- Born: 25 December 1960 (age 65) Thiruvananthapuram, Kerala, India
- Education: Government College for Women, Thiruvananthapuram
- Occupations: Police officer, politician
- Political party: Bharatiya Janata Party (2024–present)
- Spouse: Dr. S. Sethunath
- Police career
- Country: India
- Allegiance: Indian Police Service (Kerala Cadre)
- Department: Kerala Police
- Service years: 1987–2020
- Status: Retired DGP
- Rank: Director General of Police (Retired)
- Batch: 1987
- Cadre: Kerala
- Awards: Police Medal for Meritorious Service; President's Police Medal for Distinguished Service;

= R. Sreelekha =

First female IPS officer from Kerala

R. Sreelekha (born 25 December 1960) is an Indian politician and retired police officer in the Indian Police Service (IPS), who was the first woman IPS officer as well as the first woman Director General of Police (DGP) from Kerala. She retired from service as the Director General of Fire and Rescue Services, Civil Defence, and Home Guards. She is the current councillor for the Sasthamangalam ward of the Thiruvananthapuram Corporation.

Sreelekha is also an author and now running a successful YouTube channel- “Sasneham Sreelekha” (With Love, Sreelekha) to share her experiences as a police officer. She has also served as managing director for public sector organisations in Kerala. During her tenure in the CBI, she earned the nickname of 'Raid Sreelekha'.

== Early life and family ==

Sreelekha was born on December 25, 1960 at Thiruvananthapuram, Kerala, as the daughter of Prof. N. Velayudhan Nair and B. Radhamma. Her father had fought in the World War II as a soldier in the Indian Army for the Allied Forces.

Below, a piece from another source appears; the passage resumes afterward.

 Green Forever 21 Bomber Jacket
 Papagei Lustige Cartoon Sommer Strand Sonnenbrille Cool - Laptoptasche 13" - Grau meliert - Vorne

Sreelekha is married to Sethunath, a professor of pediatric surgery at Medical College Hospital, Thiruvananthapuram. The couple has a son, Gokul.

== Education ==

Sreelekha completed her schooling from Government Higher Secondary School for Girls, Cotton Hill in Thiruvananthapuram.

She then went on to complete her bachelor's degree in English Literature at the Government College for Women, Thiruvananthapuram. She then did her master's at the Institute of English in the University of Kerala. In 2005, while in service, she obtained an MBA in Human Resource Management from IGNOU.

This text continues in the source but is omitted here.